Posted in A Note to Directors, Disentangling Thoughts on Theatre, Got Me Thinkin', Nuts & Bolts Stuff, Thoughts on Leadership on February 5, 2018 by RobALott

If quality comes quickly, it’s only because you’ve just arrived and only now have you begun paying attention to the work that’s already been done.

Trust Your Sense of Humor

Posted in Creativity, Disentangling Thoughts on Theatre, Got Me Thinkin' on January 29, 2018 by RobALott

Don’t try to get a laugh from your audience. Instead, give your audience an opportunity to laugh.

Deliver the punchline in the way you find funny.

Be careful not to fall into the trap of delivering the line the way you think the audience will find funny. They’ll sense your over-eager pleading for a laugh and shut it down.
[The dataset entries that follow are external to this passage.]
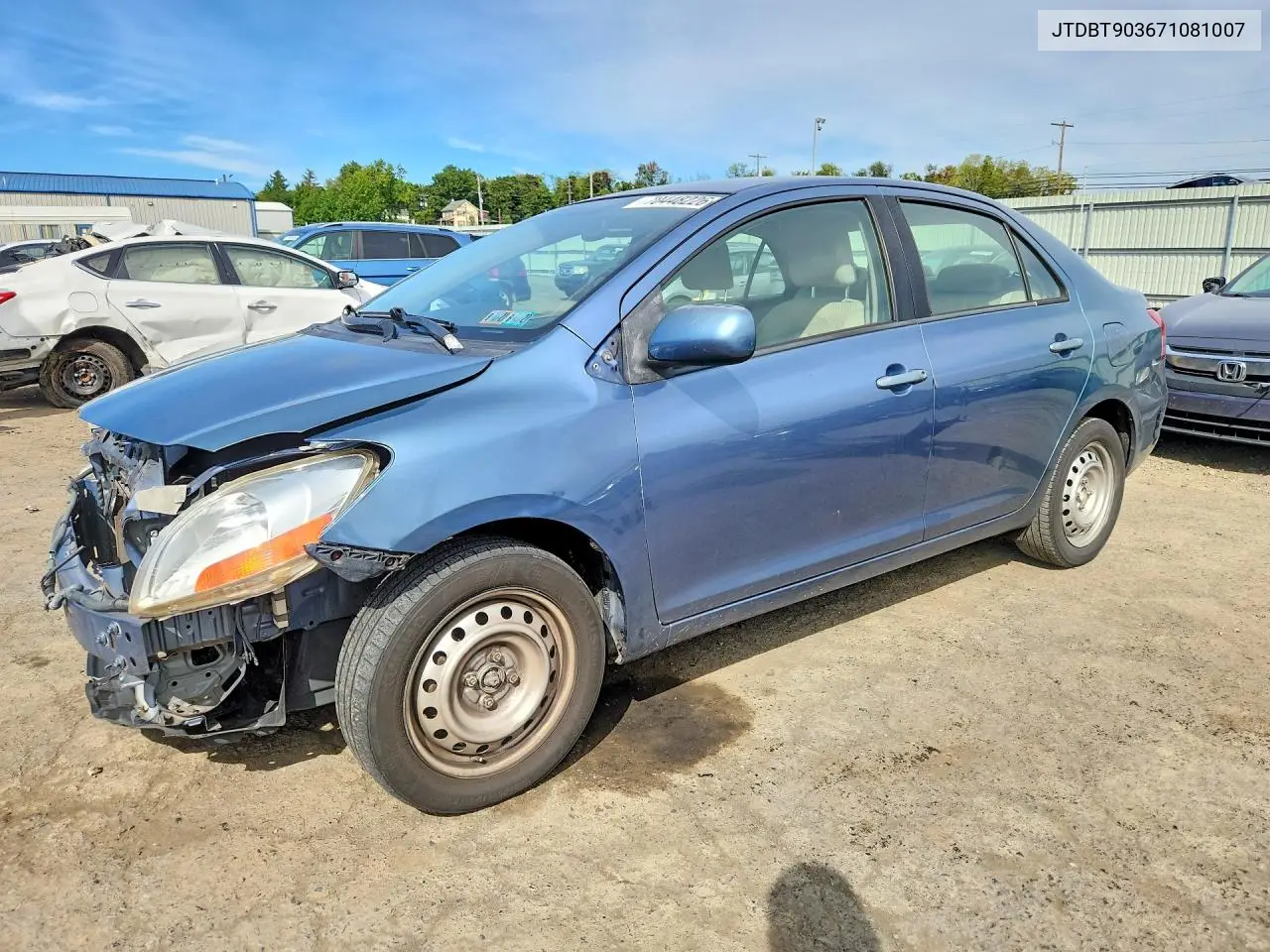 TOYOTA YARIS 2007, VIN JTDBT903671081007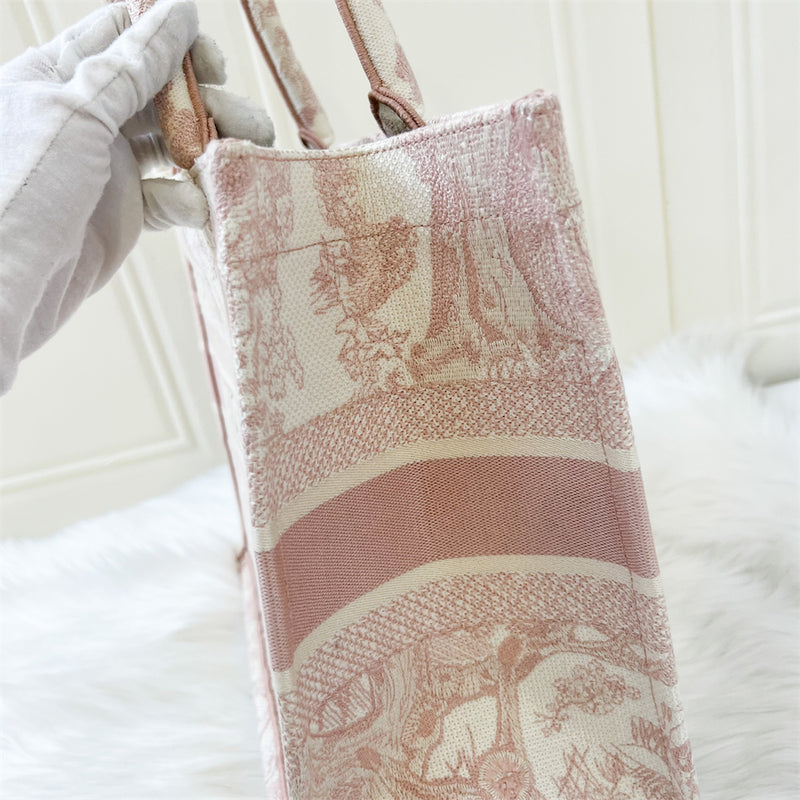 Dior Medium Book Tote in Light Pink Toile De Jouy Embroidered Canvas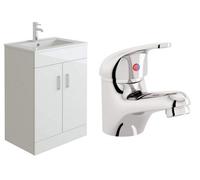 Veebath Sphinx 600mm Vanity Sink Cabinet Unit & Mono Basin Mixer Tap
It is actually your sense of humor the audience will key into and get behind.

Trust it.

Not All Audiences Are Created Equal

Posted in A Note to Directors, Disentangling Thoughts on Theatre, Got Me Thinkin' on January 22, 2018 by RobALott

What worked last show may not work this show.

What always kills may, this time, fall flat.

We must take into account all that an audience has dealt with just before the curtain goes up:

The weather.

The news of the day.

The traffic.

The time of day.

Even the day of the week.

All these things affect an audience’s response and engagement.

Every show must be performed solely and specifically for that independent audience.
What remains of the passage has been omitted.